The 1900 United States presidential election in Vermont took place on November 6, 1900, as part of the 1900 United States presidential election. Voters chose four representatives, or electors to the Electoral College, who voted for president and vice president.
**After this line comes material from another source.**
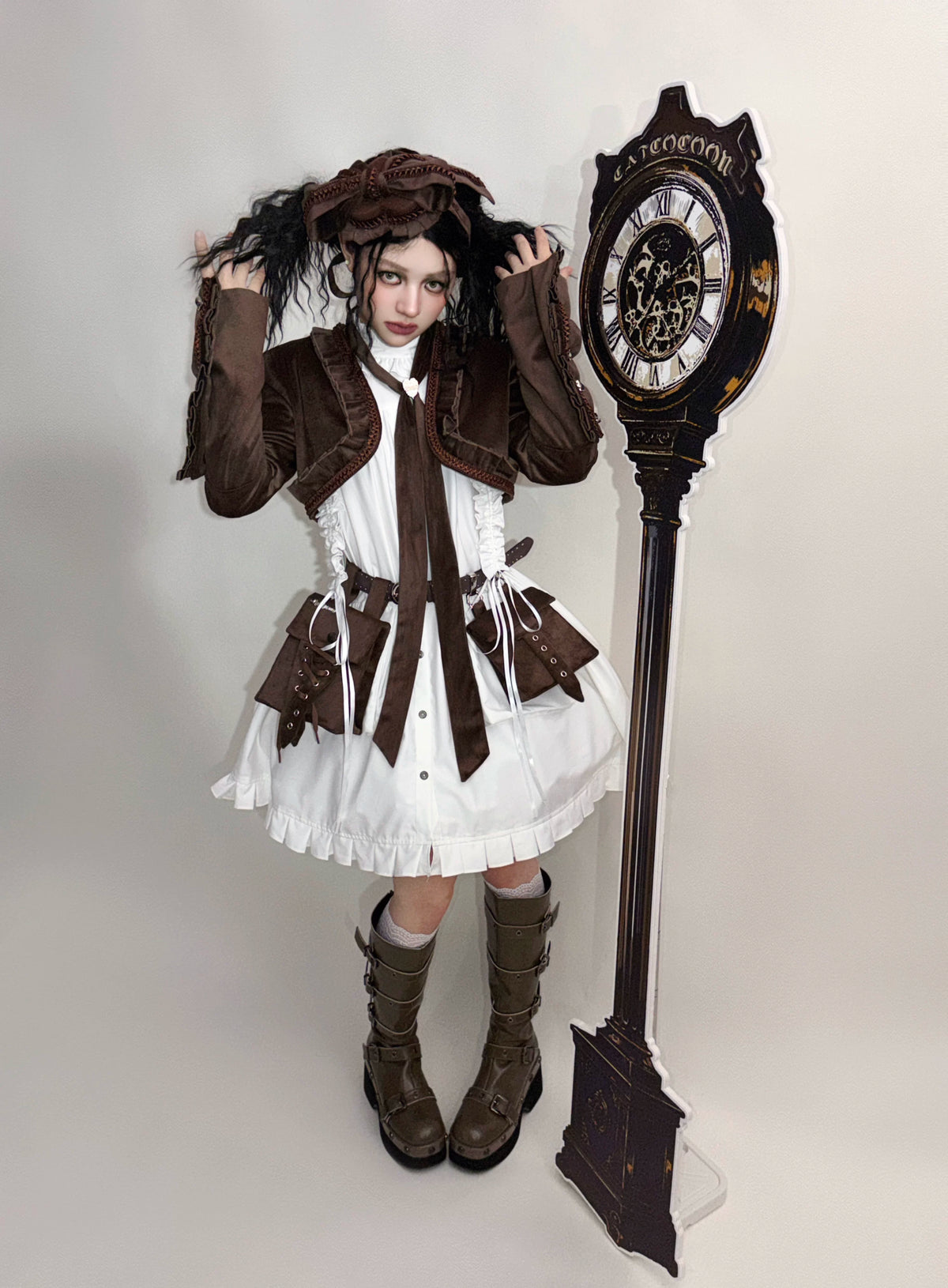 Cannoneer Lolita Steampunk Long Sleeve Brown OP Dress Set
Vermont overwhelmingly voted for the Republican nominees, incumbent President William McKinley of Ohio and his running mate Theodore Roosevelt of New York. They defeated the Democratic nominees, former U.S. Representative and 1896 Democratic presidential nominee William Jennings Bryan and his running mate, former Vice President Adlai Stevenson I. McKinley won Vermont by a landslide margin of 52.87% in this rematch of the 1896 presidential election. The return of economic prosperity and recent victory in the Spanish–American War helped McKinley to score a decisive victory.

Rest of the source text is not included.